If Jesus said the second greatest commandment is “to love your neighbor as yourself” (Mark 12:31), as a whole church, we must confess we have not always done that to certain people groups (such as the LGBTQ community).
Jesus was criticized by the religious establishment for associating with those who were perceived as “untouchables.” The untouchables of Jesus’ day were the people whom religious Jews would never befriend (Luke 15:1-2. To imitate Jesus, we must risk what Jesus risked—our reputation. Our goal is to help our church understand these sexual issues biblically and respond gracefully in order to make Jesus’ command to love a reality in our church.
We Believe and Promise…
As a church, we will make every effort to accommodate the needs of transgender individuals, while respecting the privacy and safety of all our church members and visitors. Due to the ever-changing laws and recommendations surrounding this issue, please see one of our pastors if you believe the needs of a transgender person are not being met at our church.
Similar to the experience of SSA, we do not believe Christians need to resolve their gender confusion in order to be in a right relationship with God. A transgender person’s experience may continue throughout their life, even as they grow in their faith. Transgender people are strongly urged to seek out one of our pastors for a referral to a counselor in general alignment with the teachings of this church before any attempt to surgically or hormonally resolve this tension.
Obviously, no known pedophile or sex offender will be allowed to volunteer in our church in any ministry involving minor children. Our church conducts criminal background checks on all volunteers working with children—both heterosexual and SSA men and women. The church has in place other policies that give us confidence our children are safe. However, no system or policy is 100 percent effective. The best protection against sexual abuse is parents talking to their children and inviting them to report any attempt at a sexual advance by a peer, adolescent, or adult.

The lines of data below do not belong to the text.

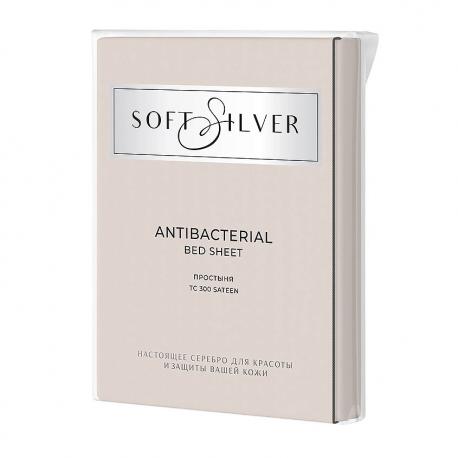 Антибактериальная простыня Antibacterial Bedsheet King Size, 260х270 см. Цвет: «Песчаный берег» (бежевый) SOFT SILVER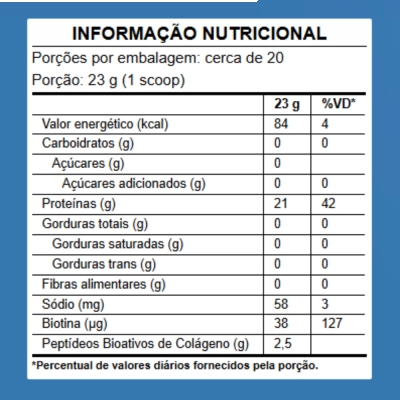Collagen Protein, 21gr De Proteína Do Colágeno, 450gr, Sabor Neutro, Pura vida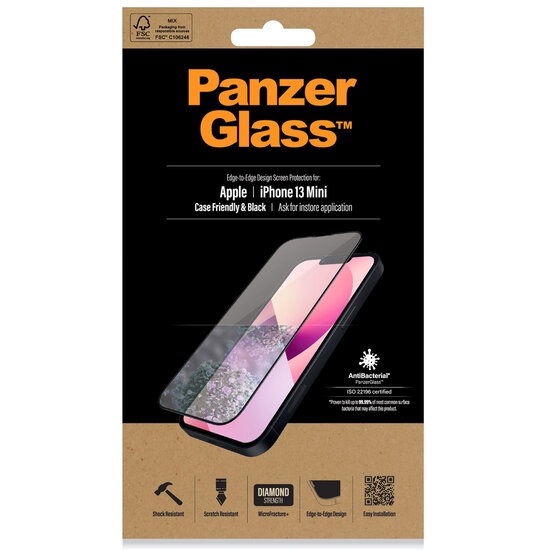 PanzerGlass - Anti-Bacterial CaseFriendly Screenprotector voor Apple iPhone 13 Mini - Black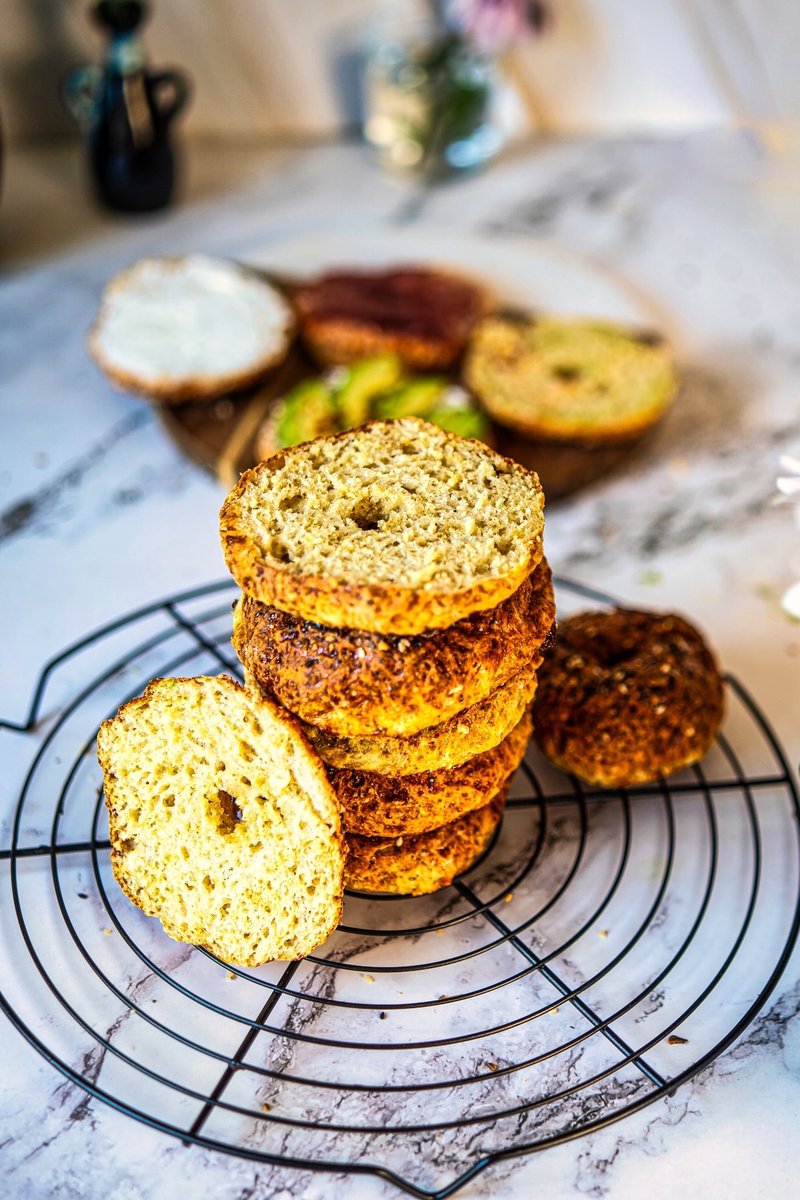 Soft and fluffy homemade 2 ingredient cottage cheese bagel showing the tender, high-protein crumb inside.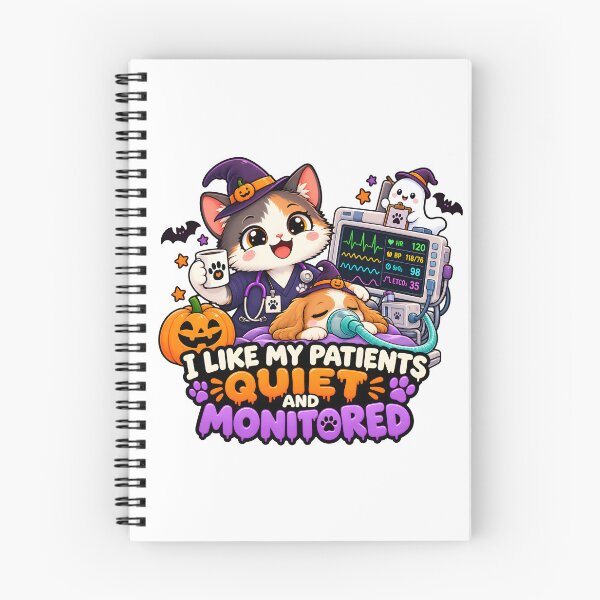 Item preview, I Like My Patients Quiet and Monitored – Funny Veterinary Anesthesia Halloween Cat designed and sold by Bettybee00.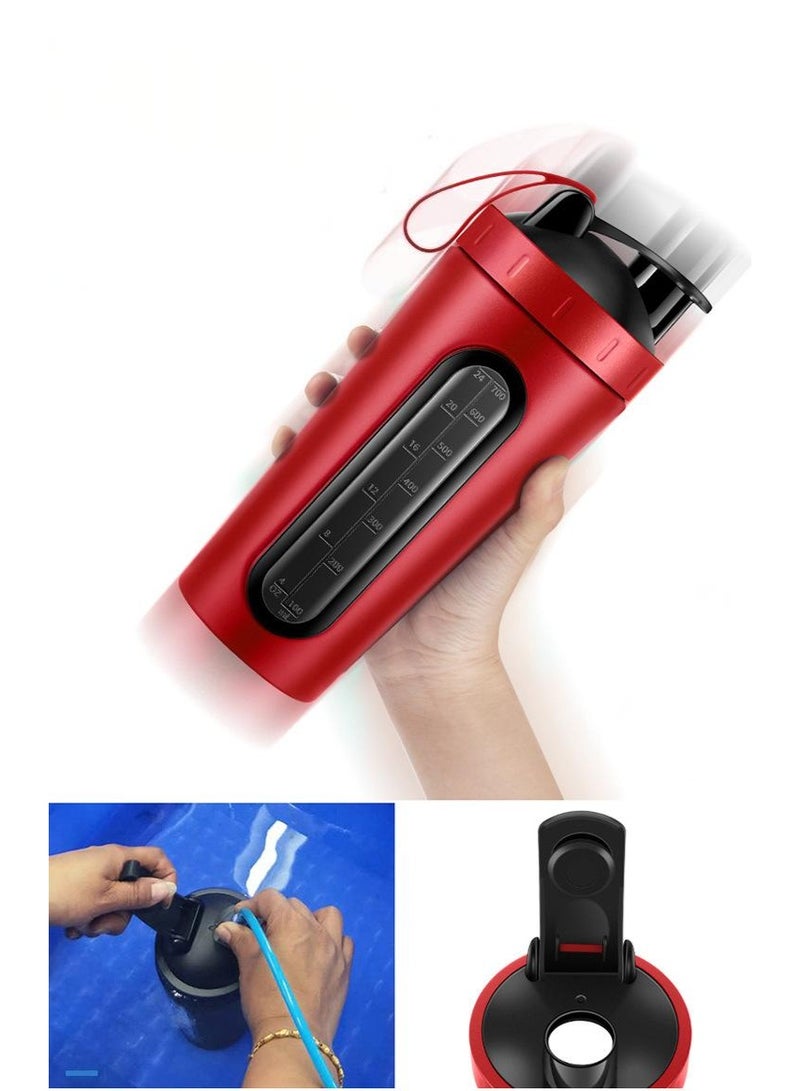 EFUMKE Protein Shaker Cup for Protein Mixes and Pre-Workout with Viewing Window, 304 Stainless Steel Shaker Cup Leakproof (Red 700ml) - Image 3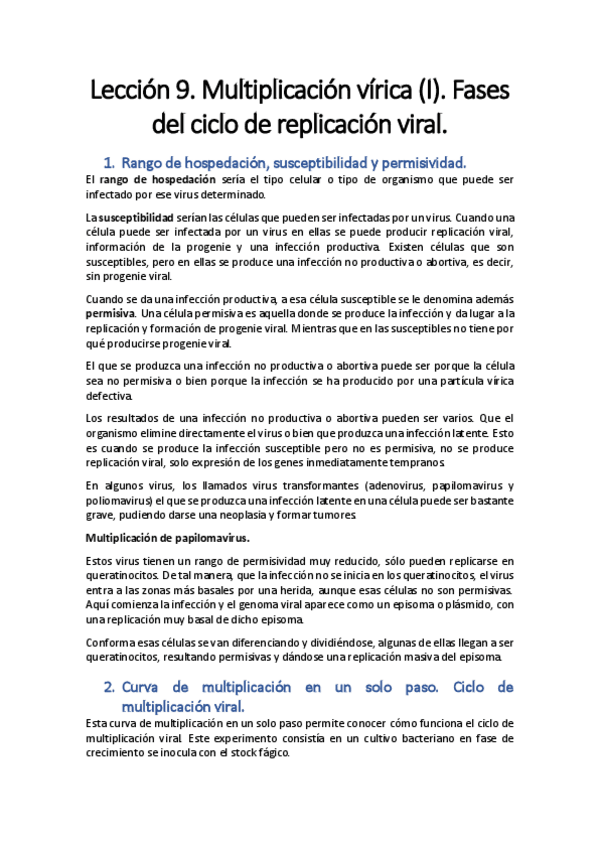 Miniatura del documento Lección 9. Multiplicación vírica (I). Fases del ciclo de replicación viral..pdf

Additionally, all volunteers are interviewed, observed, and supervised to assess their emotional, relational and spiritual maturity and judgment. Our church reserves the right to decline the volunteer services of anyone the leadership considers unsuitable for the task or who may pose a potential risk to children.
Sex Orientation Change Efforts (SOCE)
There are serious questions about the effectiveness of reparative therapy (also known as sexual orientation change efforts, SOCE) among respected Christian and secular mental health experts. While some SSA individuals have experienced a lessening of their SSA and/or an increase in heterosexual attraction using these techniques, the self-reported percentage who have experienced change as a result of faith-based therapy is small. Within this group, the change in sexual attraction or orientation is on a continuum, with some change in attraction, identity, and behavior being far more common than a dramatic switch from full homosexual orientation to full heterosexual orientation.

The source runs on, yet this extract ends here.